# Building Custom KK Lids?



## Cavedweller (Jan 23, 2015)

I don't like the poor visibility that KK lids provide, but they're the only clear plastic containers I can find in larger sizes. Has anyone ever tried making a custom lid? 

The best I can think of is cutting out most of the top, but leaving the clip-on "frame", and putting a piece of clear acrylic into it. On the other hand, it would be easier to use simple slab of acrylic with airholes, if I could find suitable clips for it.


----------



## samatwwe (Jan 23, 2015)

I think you're on to something by cutting the top out and leaving a lip on the lid to glue acrylic to. That would looks pretty clean and nice if you do it right. I may take a shot at it... Do you ventilate the sides of the Kritter keepers at all?


----------



## Cavedweller (Jan 23, 2015)

If you figure out a clean way to cut up the plastic, let me know! That's the part I'm struggling with. 

I don't. Should I? KKs can have too much ventilation already, I cover em with plastic wrap for my millipedes.


----------



## samatwwe (Jan 23, 2015)

I was thinking of using my dremel with a cutting wheel. I think it would make a clean cut if I find out the right speed. The only thing I don't like about KK's is the top ventilation. I like cross ventilation. You could do this acrylic top and add holes on the sides for cross ventilation to make a nice subtable enclosure.


----------



## Cavedweller (Jan 24, 2015)

If you can work that out please let me know! I've had a few sheets of acrylic sitting around for 2 years because I couldn't figure out how to cut them. The cross ventilation is a good idea, I'd be afraid to try it with anything but a soldering iron because such large pieces of acrylic are sure to be brittle.


----------



## Mello (Mar 7, 2015)

Here's custom KK's. Just cut 1/4" acrylic to the length and width of top. Then cut the piece to give a little edge for the hinges to go on. There's this neat acrylic bonding stuff that works wonders, (brand is scigrip weld on #3 acrylics). Use a hole saw to drill vent holes 1-2" diameter or just drill holes anywhere with a regular drill. Pretty easy and look really nice. 

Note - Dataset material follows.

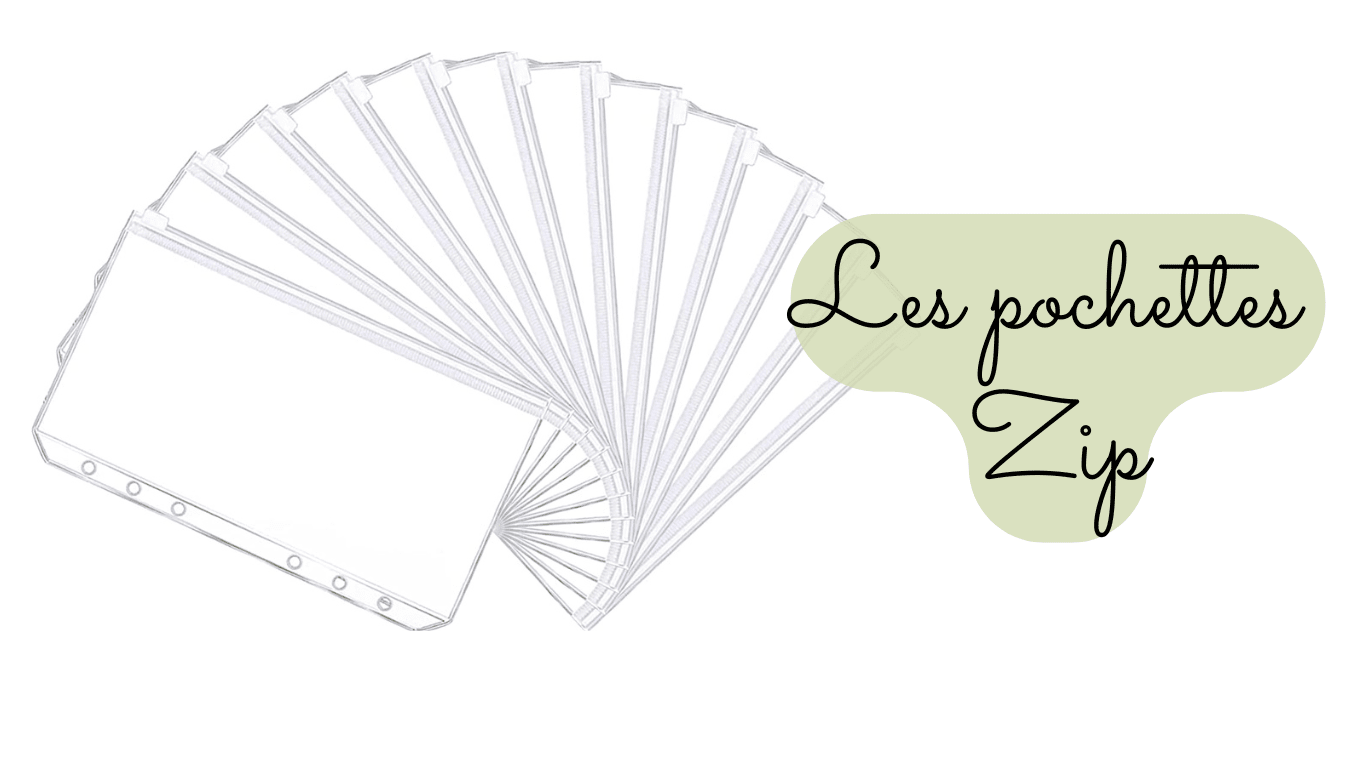 Les pochettes ZIP 2€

Oh and for clean cutting acrylic, you can cut up to 1/4" with the acrylic cutting tool available at Home Depot. Just use a long thick ruler to hold it steady and apply pressure when you slide the tool. After a few good drags on the acrylic you should be able to turn it upside down and snap it.

Reactions: Like 9


----------



## Cavedweller (Apr 4, 2015)

Sorry I took so long to see this, this is great! This is exactly the sort of thing I had in mind.

Thank you so much for the instructions. You didn't have any sort of trouble with cracking when you used the hole saw? I think I'd stick with just drilled airholes, myself. I don't trust Ts with wire screen. 

Acrylic cutter? You mean this sort of thing, right. I've tried them on more than one occasion, I'm just not strong enough to snap the acrylic, even when I put all my weight on it. I'll have to figure something else out. Or enlist a stronger friend to help, I guess.


----------



## Mello (Apr 5, 2015)

I actually had more issues with cracking trying to do little holes all over vs the hole saw on the Kk itself, but with the right technique im sure the drilled holes can go smoothly. 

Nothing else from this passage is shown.